-- Dataset section follows --

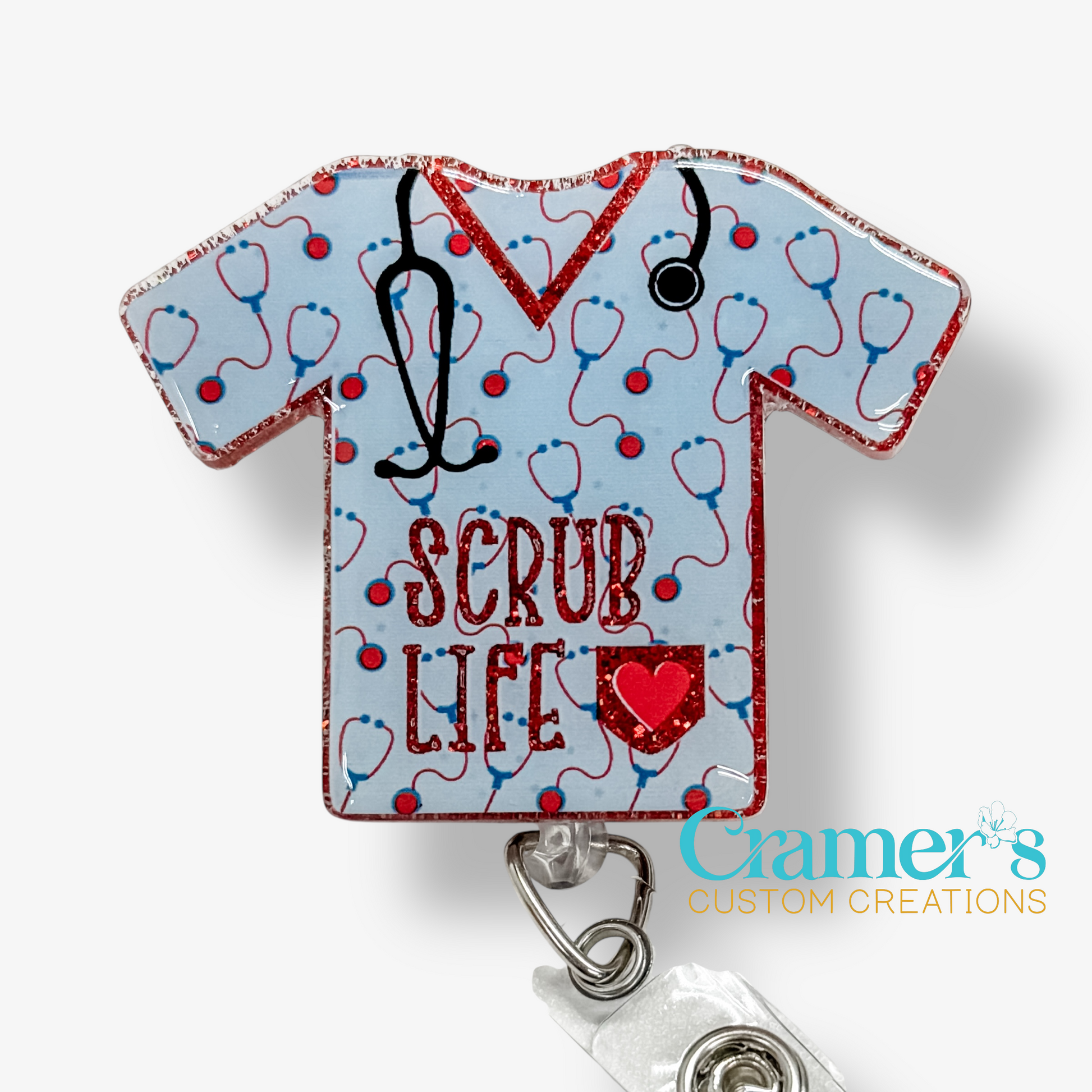 Badge holder shaped like a scrub top with 'SCRUB LIFE' text and stethoscope design on a light blue background.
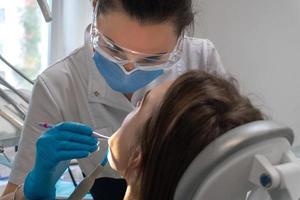 Zahnarzt behandelt einem Mädchen in einer Klinik Zähne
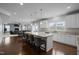 Modern open kitchen with a large island, stainless steel appliances, and seamless flow to the living area at 204 Ashland Hill Dr, Holly Springs, NC 27540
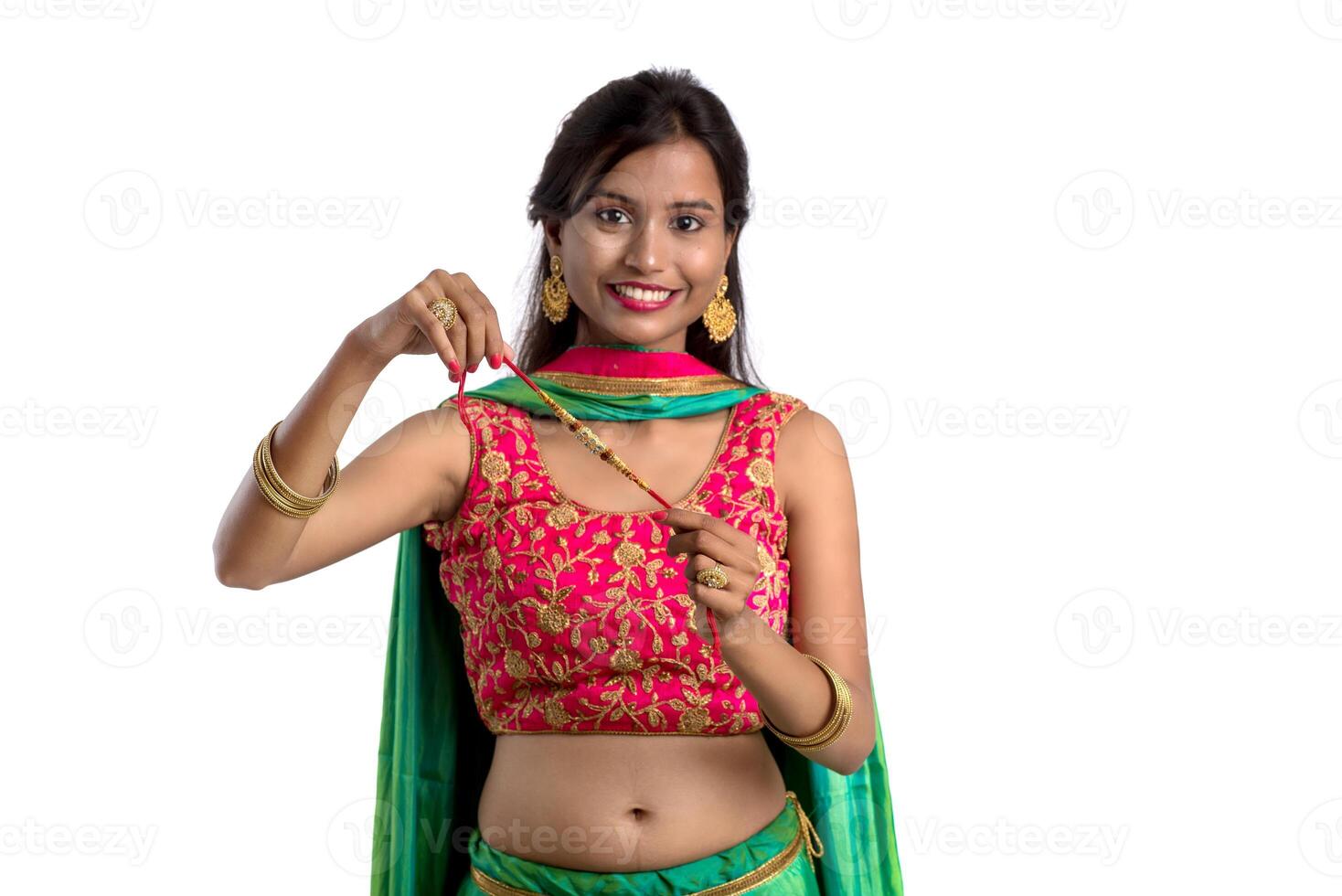 Beautiful girl showing Rakhi on occasion of Raksha bandhan on a white background. Sister tie Rakhi as symbol of intense love for her brother. photo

-- Dataset section concluded --

■ **What you have to do**
The lines from the one containing "Zahnarzt behandelt einem" to the final line of the material, both ends included, should be retyped exactly and alone, with no pictures.

■ **Solution**
 Zahnarzt behandelt einem Mädchen in einer Klinik Zähne
 Modern open kitchen with a large island, stainless steel appliances, and seamless flow to the living area at 204 Ashland Hill Dr, Holly Springs, NC 27540
 Beautiful girl showing Rakhi on occasion of Raksha bandhan on a white background. Sister tie Rakhi as symbol of intense love for her brother. photo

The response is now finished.